In a class this past fall, the President of one of the countries decided not to build up their military, but rather to invest in big projects. As a result, the country kept getting invaded, but they were clever enough to divide the benefits of their projects with the invading countries in exchange for respecting their sovereignty, which ended up making those countries reliant on their country’s resources. This created a strange trade pact and alliance and that other countries essentially acted as their defense. This strategy worked as they could keep getting big projects and did not have to spend money on military maintenance.

“My role is also modulating them emotionally. Your country gets invaded. Are you emotional? Are you going to be emotional briefly and then try to rationalize your options?” Korpusik explains that he inquires about how students plan to proceed in times of emotional flare ups. “What are you gonna do? What’s your plan? What are your options? You’re not going to have the answer in two minutes because no government has the answer for this in two minutes.”

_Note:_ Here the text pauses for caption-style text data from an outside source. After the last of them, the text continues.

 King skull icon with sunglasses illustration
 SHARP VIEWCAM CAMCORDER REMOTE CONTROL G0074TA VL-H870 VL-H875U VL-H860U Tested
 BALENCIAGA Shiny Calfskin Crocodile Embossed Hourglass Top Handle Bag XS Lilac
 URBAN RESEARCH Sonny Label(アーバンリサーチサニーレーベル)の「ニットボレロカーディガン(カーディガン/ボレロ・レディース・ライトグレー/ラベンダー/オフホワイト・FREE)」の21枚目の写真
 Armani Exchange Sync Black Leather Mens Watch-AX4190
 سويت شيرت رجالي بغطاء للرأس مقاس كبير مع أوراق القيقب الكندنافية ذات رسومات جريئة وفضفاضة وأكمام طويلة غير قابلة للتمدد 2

The value of these simulations are evident when students are excited and engaged in the classroom. Korpusik says that most students will want to participate in these simulations, and parents are impressed with what they see when they visit the classroom. “Don’t you want to walk into a class like this? ‘This is really cool. I wish they had this when I was in high school instead of having to memorize the information.'”

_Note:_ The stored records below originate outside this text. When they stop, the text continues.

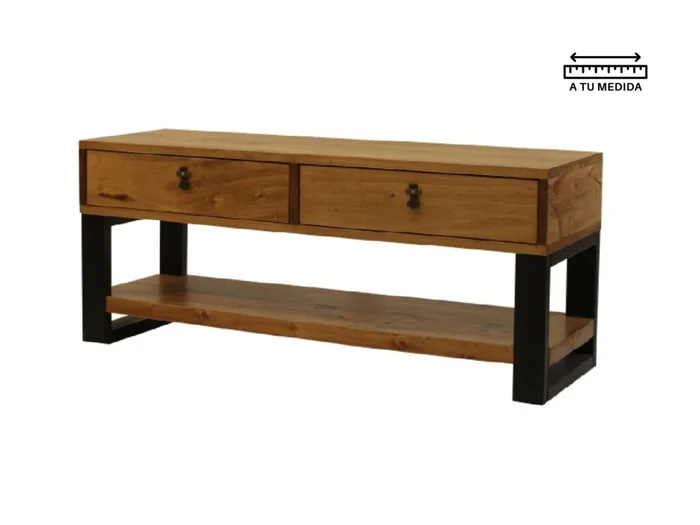 Rack IRON 1.60m en Madera natural - Muebles para TV, Uruguay | Finkel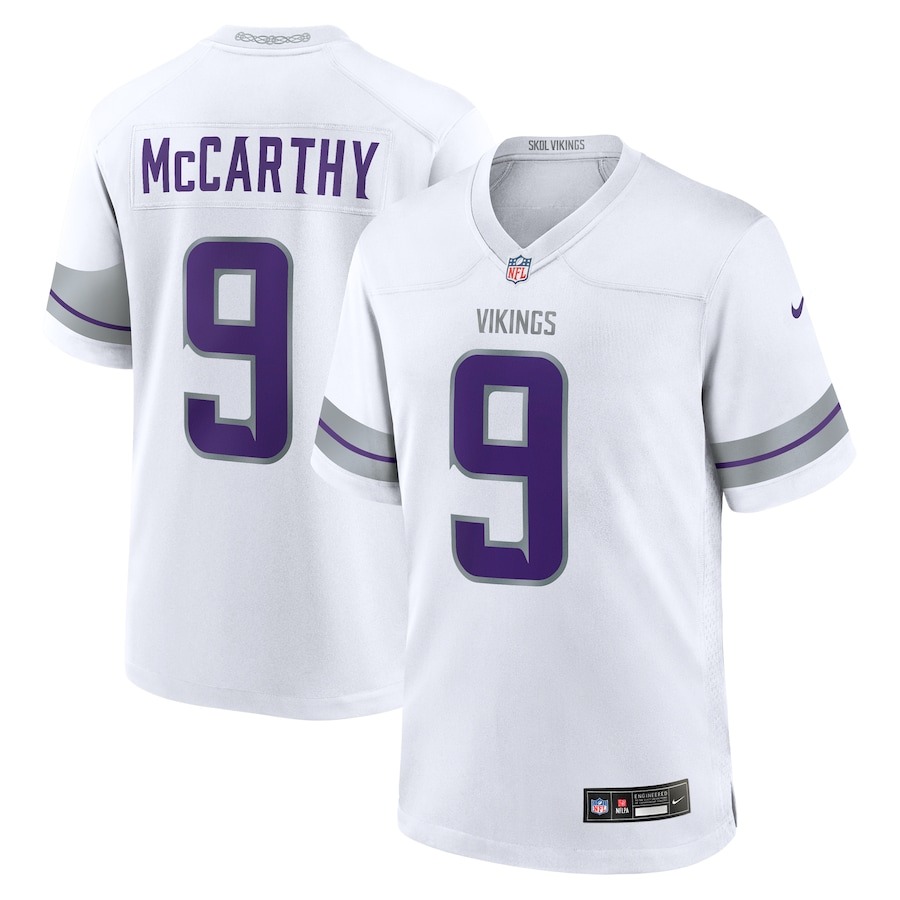 Men's Minnesota Vikings J.J. McCarthy Nike White Alternate Game Player Jersey - Puhuasuan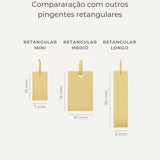 Pingente Personalizado Retangular Longo em Ouro 18k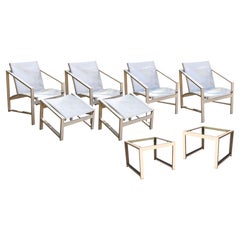 Set of 4 Pavilion Aventura Patio Armchairs with Pair of Ottomans and Side Tables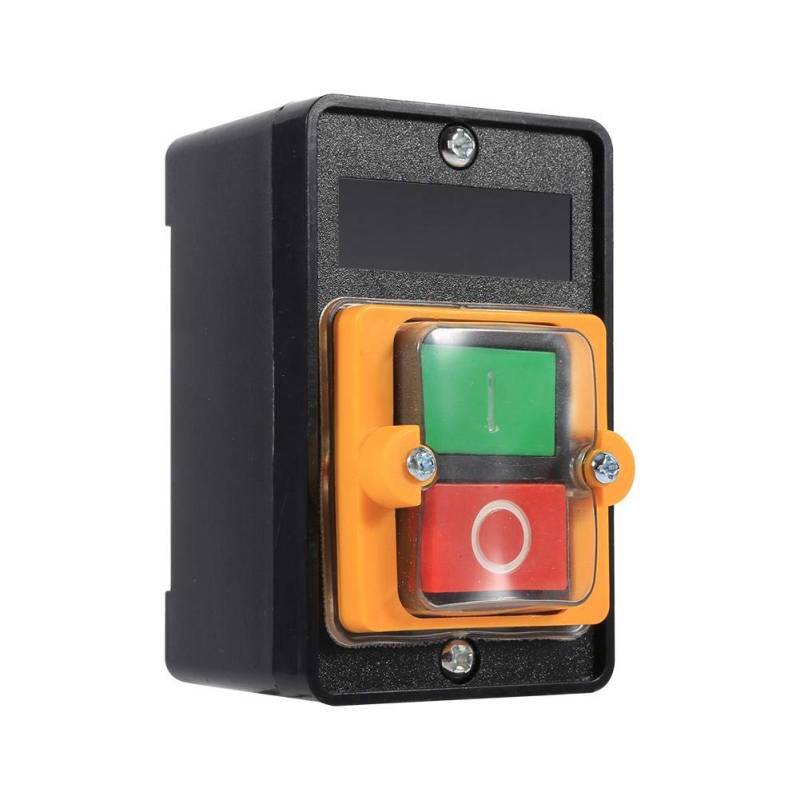 EIN/AUS Drucktastenschalter Wasserdichter Schalter Werkzeugmaschinenzubehör 10A AC 220V/380V Motorschutzschalter Sicherheitsschalter für mechanische Geräte, Textilmaschinen von Aramox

Though Korpusik’s love for games makes him incredibly excited to use Statecraft Simulations in his classes, he claims that passion is not needed as the simulation runs itself and does that work for you. “As a teacher, it’s way more enjoyable even if you’re not a gamer seeing the kids interacting. Seeing the kids be interested, if not enthusiastic, in what they’re doing.” 

Korpusik sees where education is going and how technology can support students in their pathways to conquering the challenges that lie ahead. He claims that we are “moving forward and giving kids things to do that are not your traditional means of academics and that are more experience based.” Comfort in the systems that retain an education system destined for the cliff are preventing our current students from acting on the information they are supposedly ‘learning’. “Don’t your administrators want this? Or do you just want to, you know, do what my former colleague referred to as  the march of the textbook?”

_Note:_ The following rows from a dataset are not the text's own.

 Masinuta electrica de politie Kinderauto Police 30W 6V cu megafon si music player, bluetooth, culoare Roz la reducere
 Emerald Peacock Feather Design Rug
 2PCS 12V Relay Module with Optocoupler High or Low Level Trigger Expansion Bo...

Korpusik knows that he is closer to the end of his teaching career than the beginning and that 27 years of students passing through the desks in front of him have been made better by his efforts. He knows what has worked and what hasn’t in student engagement, retention, and development which is why he continues to use Statecraft in his classes. Maybe you’ll see Korpusik at the golf course one Saturday morning as you ask how to get out of the sand trap on hole 14. He’ll listen to you gripe and complain and then lean in and ask you “What are you gonna do? What’s your plan? What are your options?”